Preheat oven to 425 F.
Roast Cauliflower: In a large mixing bowl, combine cauliflower, spices and oil. Season with salt and pepper, then toss to coat. Transfer cauliflower to an unlined sheet pan. Roast for 20-25 min, tossing halfway through, until golden and tender.

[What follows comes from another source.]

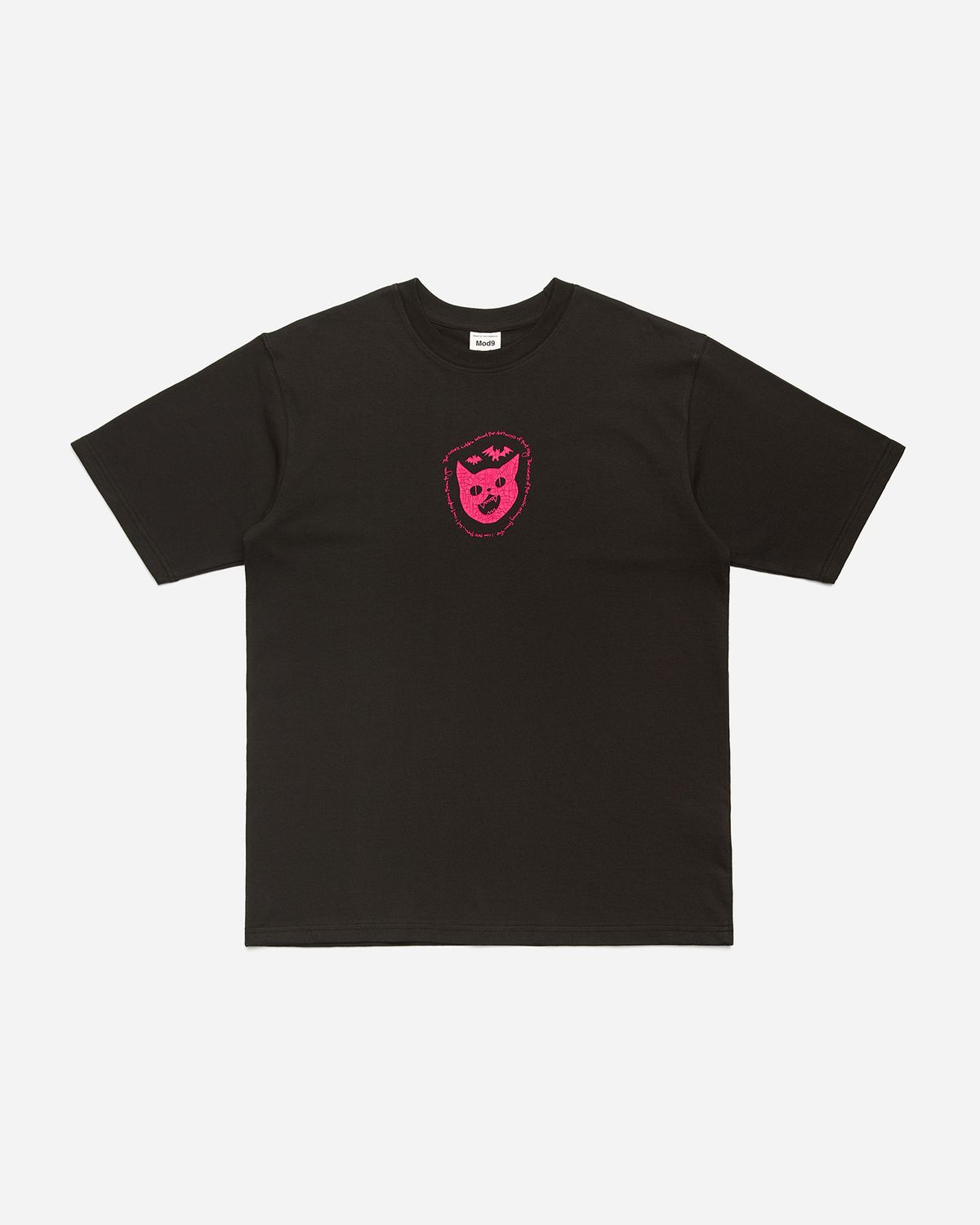 모드나인(MODNINE) Cracking Sky - Oversized T-Shirt Black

1 head of cauliflower, 1 tbsp curry powder, 1 tsp cumin powder, 1 tsp garlic powder, 1/2 tsp ground coriander, ½ tsp smoked paprika, 1 ½ tbsp olive oil, Salt and pepper
Pickle Cabbage: Place cabbage in a heat proof bowl or jar. In a small pot, add water, vinegar, maple syrup and salt. Bring to a simmer. Once simmering, cook for 1-2 min, until salt and sugar dissolve. Pour brine over cabbage. Toss to coat. Set aside to pickle, stirring occasionally.
3 cups thinly shredded red cabbage, 1/2 cup water, 1/4 cup apple cider or red wine vinegar, 1 tbsp maple syrup or sugar, 1 tsp sea salt
Cook Grain: Cook bulgur, quinoa or couscous according to package directions. Let cool slightly.

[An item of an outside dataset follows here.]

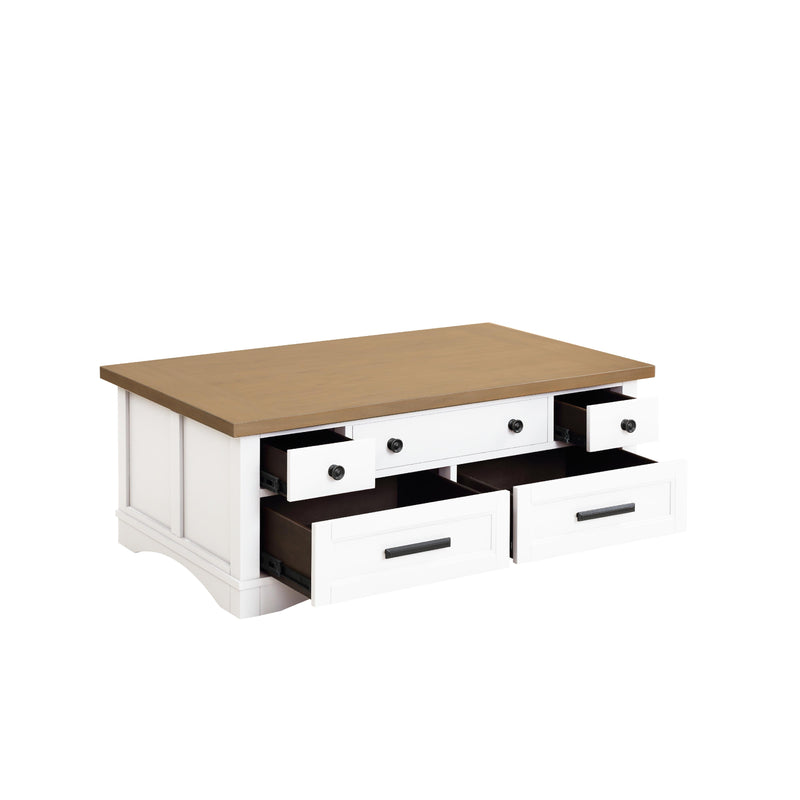Parker House Furniture Americana Modern AME-3PC-05-02-COT Cotton Lift Top Cocktail Table with 2 End Tables IMAGE 3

½ cup dried bulgur wheat or quinoa, or 1 cup couscous
Mix Tabbouleh: In a large bowl, whisk together oil, vinegar, lemon, coriander and garlic. Season with salt and pepper. To the dressing, add tomatoes, cucumbers, parsley, mint and cooked bulgur. Toss well to combine. Season with salt and pepper, to taste.
¼ cup olive oil, 2 tbsp white wine vinegar, 2 tbsp lemon juice, ½ tsp coriander, 1 clove garlic, 2 bunches curly parsley, ½ cup fresh mint leaves, 1 cup cucumber, 1 cup cherry tomatoes
Make Tahini Sauce: In a small bowl, combine tahini, lemon juice, garlic and cumin. Add 3-4 tbsp water. Season with salt. Whisk until smooth. Add more water, if needed (Note: Mixture will thicken as it sits)
¼ cup tahini, 2 tbsp lemon juice, 1 clove garlic, ½ tsp cumin
Assemble Bowls: Spoon some tabbouleh into bowls. Arrange roasted cauliflower and pickled cabbage alongside. Drizzle tahini dressing over cauliflower. Dollop hummus in the centre. Add hot sauce, if you like. Dig in with warm toasted pita.